IRS Extends Deadline for Furnishing ACA Statements to Individuals And Good-Faith Transition Relief

Today, the IRS in Notice 2016-70 extended the deadline for certain 2016 information reporting requirements under the Affordable Care Act (ACA), as employers and other coverage providers prepare for their second year of ACA reporting.   Specifically, providers of minimum essential coverage under Code section 6055 and applicable large employers under Code section 6056 will have until March 2, 2017—not January 31, 2017—to furnish to individuals the 2016 Form 1095-B (Health Coverage) and the 2016 Form 1095-C (Employer-Provided Health Insurance Offer and Coverage).  Because this extended deadline is available, the normal automatic and permissive 30-day extensions of time for furnishing ACA forms will not apply on top of the extended deadline.  Additionally, the Notice extended good-faith transition relief from penalties under Code sections 6721 and 6722 to 2016 ACA information reporting.

Filers should note that, unlike Notice 2016-4, which extended the deadlines for both furnishing to individual taxpayers and filing with the IRS the 2015 ACA forms, Notice 2016-70 did not extend the deadline for filing with the IRS the 2016 Forms 1094-B, 1095-B, 1094-C, and 1095-C—and this deadline remains to be February 28, 2017 (or March 31, 2017, if filing electronically).  Filers may apply for automatic extensions for filing ACA forms by submitting a Form 8809 and seek additional permissive extensions.  Late filers should still furnish and file ACA forms as soon as possible because the IRS will take into account this timing when determining whether to abate penalties for reasonable cause.

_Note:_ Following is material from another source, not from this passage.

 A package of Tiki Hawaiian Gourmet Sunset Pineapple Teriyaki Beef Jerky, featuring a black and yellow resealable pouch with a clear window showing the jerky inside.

The extended furnishing deadline means that some individual taxpayers will not have received a Form 1095-B or Form 1095-C by the time they are ready to file their 2016 tax return.  The Notice provides that these taxpayers need not wait to receive these forms before filing their returns.  Instead, taxpayers may rely on other information received from their employer or other coverage provider for filing purposes, including determining the taxpayers’ eligibility for the premium tax credit and confirming that they received minimum essential coverage.

Notice 2016-70 also extended the good-faith transition relief for 2016 returns.  Specifically, filers that can show that they made good-faith efforts to comply with the ACA reporting requirements for 2016 are not subject to penalties under Code sections 6721 (penalties for late, incomplete, or incorrect filing with IRS) and 6722 (penalties for late, incomplete, or incorrect furnishing of statement to individual taxpayers).  This relief would apply to missing and inaccurate TINs and dates of birth, and other information required on the ACA form.  It does not apply where a filer does not make a good-faith effort to comply with the regulations or where the filer failed to file or furnish by the applicable deadlines.